Blackwell and La Torre made the decision to produce Rejoice in the Suffering themselves after which they sent the recordings to Zeuss (Christopher Harris) for the mixing and mastering duties. Although, Zeuss didn’t produce La Torre’s solo effort, he did handle production of the last two QUEENSRYCHE records and is doing so for the album the band is currently working on. As La Torre explained, “The whole point of doing my own record was not wanting to hear what anyone else had to say about it. I wanted to do what I wanted to do. I understand that there will always be someone who’ll want to make changes and rightfully so, but I didn’t want to give that level of control to a producer on this particular release. No disrespect to Zeuss or anyone else, but I didn’t want anyone putting boundaries on us or telling us what to write. This album is the result of Craig and me being free to write what we wanted to without anyone checking our work if you will. I did the drums and vocals on the record and Craig did the guitar, bass and keyboard. We had a friend, Al Nunn, provide some atmospheric stuff on keyboard on "One by One" and Jordan Ziff, who’s an amazing guitar player who also plays for RATT, contributed part of the guitar solo for the title track to the album. Jordan is a good friend of mine and I knew he’d throw down the prefect part for the section I had in mind, which he did.”

In terms of supporting the record, La Torre is waiting for the world to open up again and touring to resume. At that point, he plans to be out with QUEENSRYCHE with hopes of possibly playing his solo material live if there’s a break in that band’s tour schedule. He told me he didn’t release his solo album contingent on touring because QUEENSRYCHE is his top priority. He and Blackwell wrote the record for the love of the music. They want to share it with as many as possible and hope people enjoy listening to it as much as they enjoyed creating it. “Everyone hears music differently and it’s better experienced than explained,” La Torre offered.

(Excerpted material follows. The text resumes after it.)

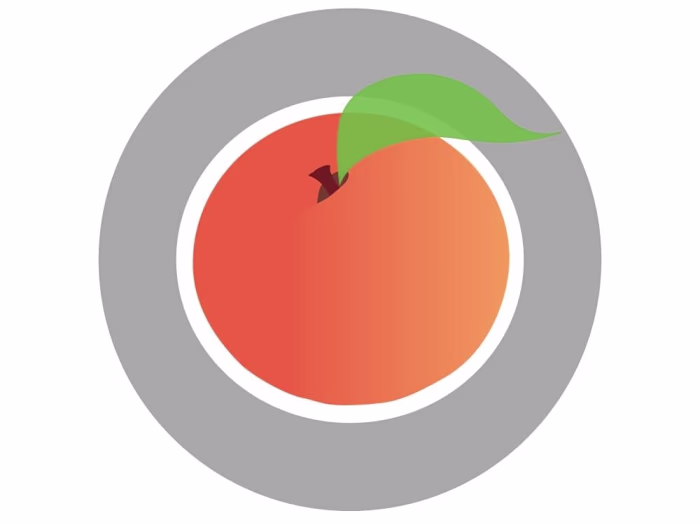 Peach BPO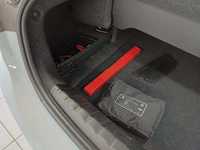 Szczegółowe zdjęcie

As we finished our discussion, we found ourselves back to where the conversation began, talking about his successful transition into his role as QUEENSRYCHE’s frontman. I mentioned singers, such as Ronnie James Dio, who successfully transitioned into BLACK SABBATH with a completely unique voice and wondered if, after 9 years with QUEENSRYCHE, he’d grown weary of hearing comparisons. I’ve heard countless people over the years mention who they thought he sounded like as had he, but perhaps it was time for people to accept the fact that Todd La Torre sounds like Todd La Torre. “Yeah! It gets old and a little annoying, but I understand that in order for someone to convey what something is like, they’ll use something familiar as a comparison. If someone asks what a particular car looks like, the response might be that it looks kind of similar to a Lamborghini because that’s a familiar frame of reference. We’re pattern-seekers as people, so I get it. But hell, maybe one day someone will say, ‘That sounds like Todd La Torre’. Flatter me once,” La Torre concluded with a chuckle.

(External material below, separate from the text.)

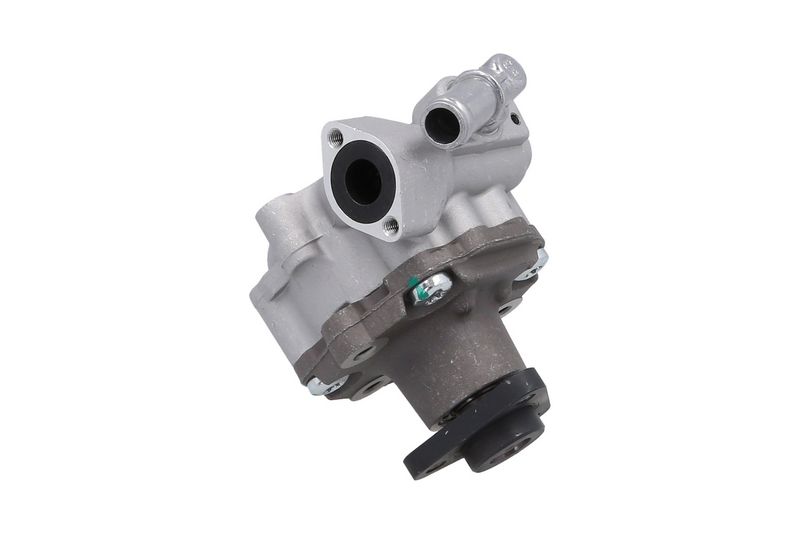 Hüdraulikapump, roolimine, KAMOKA PP021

Todd La Torre has made transitioning from behind the kit to behind the mic seem simple and taken over the helm at QUEENSRYCHE during a very tumultuous time for the band. His solo release offers fans an opportunity to get a glimpse into his roots and the versatility of his voice. Ultimately, La Torre makes it clear that QUEENSRYCHE is his top priority, but that being the case, Rejoice in the Suffering is proof positive that he sounds like Todd La Torre and QUEENSRYCHE and fans of his solo material are all the better for it. Rejoice!